Her most pressing immediate tasks are to re-unite her strained centre-right coalition, and to get through the pummeling that awaits the government in the June referendum on the Harmonized Sales Tax. Beyond those issues she needs to determine whether an autumn election is politically feasible. Otherwise she must stand for election personally, probably in the by-election for Gordon Campbell’s vacated seat.
All of those tasks are now much, much more difficult.
Federal election and B.C. Liberal Party unity
In a provincial coalition of federal Conservatives and Liberals, nothing can be more divisive than a federal election campaign. This is especially so where the tone and intensity of the combatants are as poisonous as this one. Clark is a well-established federal Liberal, and a supporter of Ignatieff. Her runner-up for leadership (and now her Finance Minister) Kevin Falcon is an ardent Conservative.
It can hardly have helped things when Falcon lauded the Conservative budget tabled shortly before the Harper government’s defeat in the Commons. Hardly the stuff that makes for convivial feelings around the Cabinet table.
Federal election and the HST
The provincial government was already facing a daunting challenge with the pending referendum on scrapping its HST. A recent poll showed a moderate increase in the numbers likely to vote to keep the tax but public feeling is still heavily lopsided on the “no” side. Even more deadly for the government, many of those who vote “yes” to keep the tax will only do so because the cost of getting out — of unscrambling the fiscal egg — is so steep. The Liberals landed us so deep in the glue that getting out would make things even worse, the line goes.
Hardly a ringing endorsement of the government’s tax!
But now things have gone from bad to worse. Any efforts by the provincial government to sway opinion farther onto the “yes” side will be drowned in the maelstrom of federal electioneering. The political airwaves will be saturated by the national campaign. This is a very difficult environment to try to get anyone’s attention long enough to dose them with the nasty-tasting HST message.
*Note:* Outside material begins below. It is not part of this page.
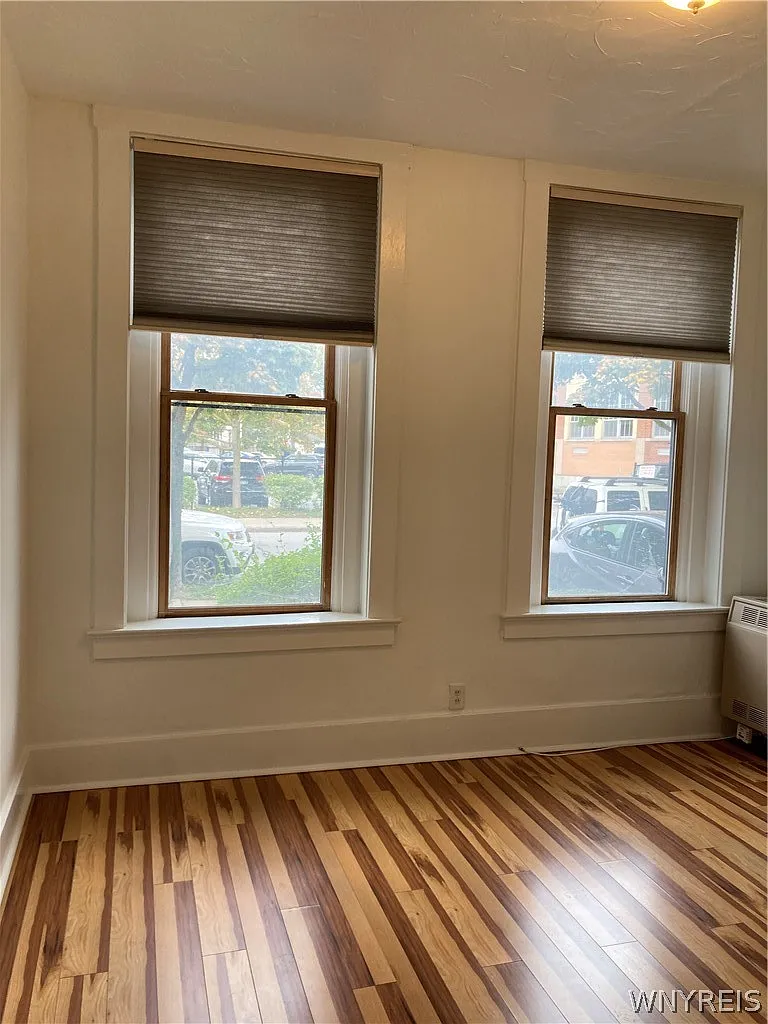 1 bed, 1.0 bath, 575 sqft, $950 — Photo 3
And to make things even worse, the HST itself will play as a significant federal election issue, especially here in B.C. where the NDP is hammering Liberals and Conservatives alike for voting for the tax in the House of Commons.
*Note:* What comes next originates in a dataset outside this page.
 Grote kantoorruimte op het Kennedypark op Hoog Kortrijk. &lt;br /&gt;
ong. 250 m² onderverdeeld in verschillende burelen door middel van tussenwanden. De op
Provincial election timing
The federal election will also complicate Clark’s efforts to generate an opportunity to win a general provincial election in September, her potential window between now and next spring, for a variety of reasons.
First, voter fatigue. Who (other than political junkies like me) will want yet another election, not required by law for a long time to come, sandwiched between the May federal vote and the municipal elections in November?
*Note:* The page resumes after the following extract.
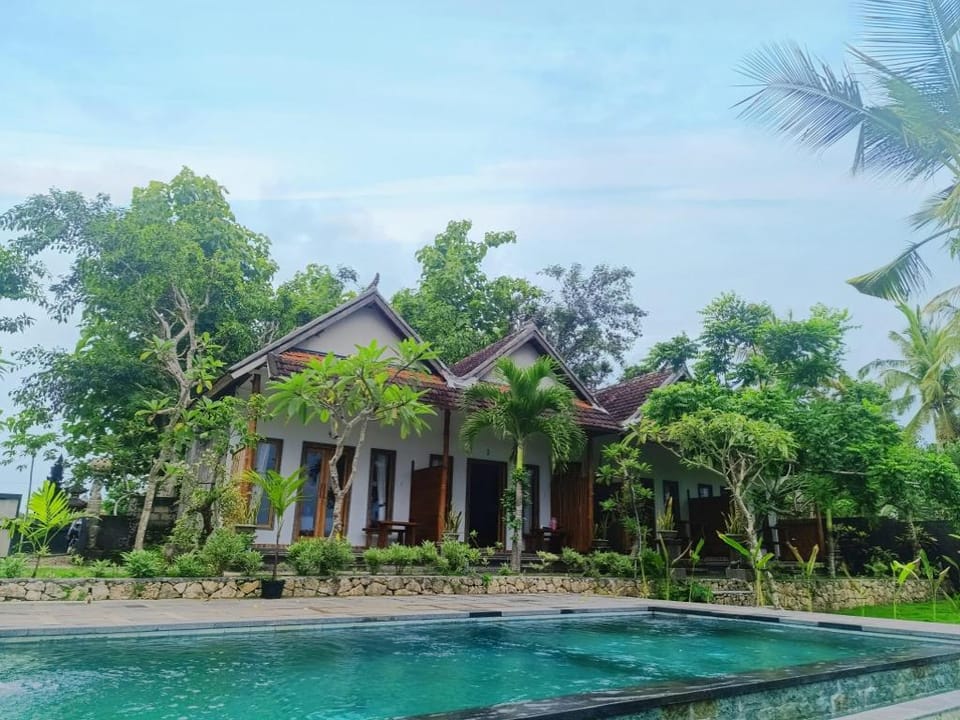 Green Sunrise Hill View Hotel in Nusapenida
Second, the impact of the federal election on Clark’s big strategic problems: party disunity and the HST. Until it is clear that her caucus and Cabinet are firmly loyal to a leader who was supported in the race by only one obscure backbench MLA, and that the government has weathered the storm of the HST (and of the convulsions required in order to undo the tax, if that’s how the electorate votes) she cannot risk a general election.
The longer the government waits — the closer it gets to the fixed-date vote in May 2013 — the less credible any move to dissolve the legislature before its statutory “best before” date.
All of which spells a very difficult road ahead for the new premier.